HTTPX also supports HTTP/2 which is much less likely to be blocked as most real human traffic is using http2/3:

with httpx.Client(http2=True) as client:
    response = client.get("https://web-scraping.dev/product/1")
    print(response.text)

Finally, httpx respects HTTP standards and forms requests more similarly to a real web browser which can drastically reduce the likelyhood of being blocked. Like respecting header ordering:

How to Web Scrape with HTTPX and Python

See our full introduction to HTTPX use in web scraping and solutions to commonly encountered issues like retries and blocking.

How to Web Scrape with HTTPX and Python

Parsel and LXML

LXML is a fast and feature-rich HTML/XML parser for Python. It is a wrapper around the C library libxml2 and it is the fastest and most reliable way to parse HTML in Python.

LXML uses powerful and flexible XPath Selectors to find elements in HTML:

from lxml import html
html = """
<html>
  <title>My Title</title>
  <body>
    <div class="title">Product Title</div>
  </body>
</html>
"""
tree = html.fromstring(html)
print(tree.xpath("//title/text()"))
['My Title']
print(tree.xpath("//div[@class='title']/text()"))
['Product Title']

To take things even further, lxml is extended by Parsel which simplifies the use API and adds CSS selector support:

from parsel import Selector

html = """
<html>
  <title>My Title</title>
  <body>
    <div class="title">Product Title</div>
  </body>
</html>
"""

selector = Selector(html)
# use XPath
print(selector.xpath("//title/text()").get())
"My Title"
# or CSS selectors
print(selector.css(".title::text").get())
"Product Title"

Parsel is becoming the de facto way to parse large sets of HTML documents as it combines the speed of lxml with the ease of use of CSS and XPath selectors.

BeautifulSoup

Beautifulsoup (aka bs4) is another HTML parser library in Python. Though it's much more than that.

Unlike LXML and Parsel, bs4 support parsing using accessible Pythonic methods like find and find_all:

from bs4 import BeautifulSoup

html = """
<html>
  <title>My Title</title>
  <body>
    <div class="title">Product Title</div>
  </body>
</html>
"""

soup = BeautifulSoup(html, 'lxml')  # note: bs4 can use lxml under the hood which makes it super fast!
# find single element by node name
print(soup.find("title").text)
"My Title"
# find multiple using find_all and attribute matching
for element in soup.find_all("div", class_="title"):
    print(element.text)

This approach is more accessible and more readable than CSS or XPath selectors for beginners and often easier to maintain and develop when working with highly complex HTML documents.

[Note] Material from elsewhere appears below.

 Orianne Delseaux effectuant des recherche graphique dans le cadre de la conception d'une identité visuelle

BeautilfulSoup4 also comes with many utility functions like HTML formatting and editing. For example:

from bs4 import BeautifulSoup

html = """
<div><h1>The Avangers: </h1><a>End Game</a><p>is one of the most popular Marvel movies</p></div>
"""
soup = BeautifulSoup(html)
soup.prettify()
"""
<html>
 <body>
  <div>
   <h1>
    The Avangers:
   </h1>
   <a>
    End Game
   </a>
   <p>
    is one of the most popular Marvel movies
   </p>
  </div>
 </body>
</html>
"""

As well as many other utility functions like HTML modification, selective parsing and cleanup.

Web Scraping with Python and BeautifulSoup

See our complete introduction to web scraping with beautifulsoup, all of it's utilities and an example project

Web Scraping with Python and BeautifulSoup

JMESPath and JSONPath

JMESPath and JSONPath are two libraries that allow you to query JSON data using a query language similar to XPath.

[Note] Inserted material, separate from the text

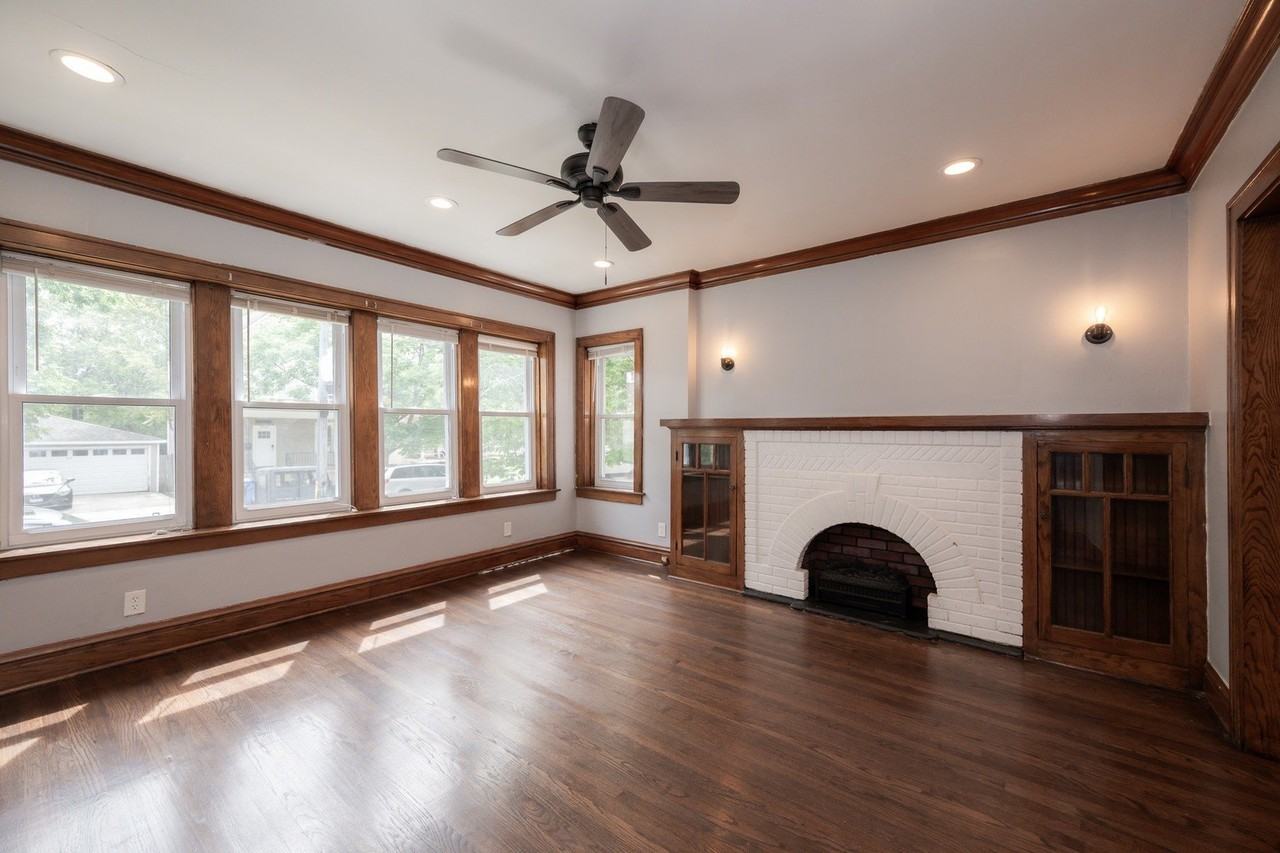 3312 N Kostner Ave #1 - Photo 4 of 25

As JSON is becoming bigger and bigger in the web scraping space, these libraries are becoming essential.

For example, with JMESPath we can query and reshape and flatten JSON datasets with ease:

data = {
  "people": [
    {
      "name": "Foo", 
      "age": 33, 
      "addresses": [
        "123 Main St", "California", "US"
      ],
      "primary_email": "foo@email.com",
      "secondary_email": "bar@email.com",
    },
    ...
  ]
}
jmespath.search("""
  people[].{
    first_name: name, 
    age_in_years: age,
    address: addresses[0],
    state: addresses[1],
    country: addresses[2],
    emails: [primary_email, secondary_email]
  }
""", data)
[
  {
    'address': '123 Main St',
    'state': 'California'
    'country': 'US',
    'age_in_years': 33,
    'emails': ['foo@email.com', 'bar@email.com'],
    'first_name': 'Foo',
  },
  ...
]

This feature is especially useful when scraping hidden web data which can result in massive JSON datasets that are hard to navigate and digest.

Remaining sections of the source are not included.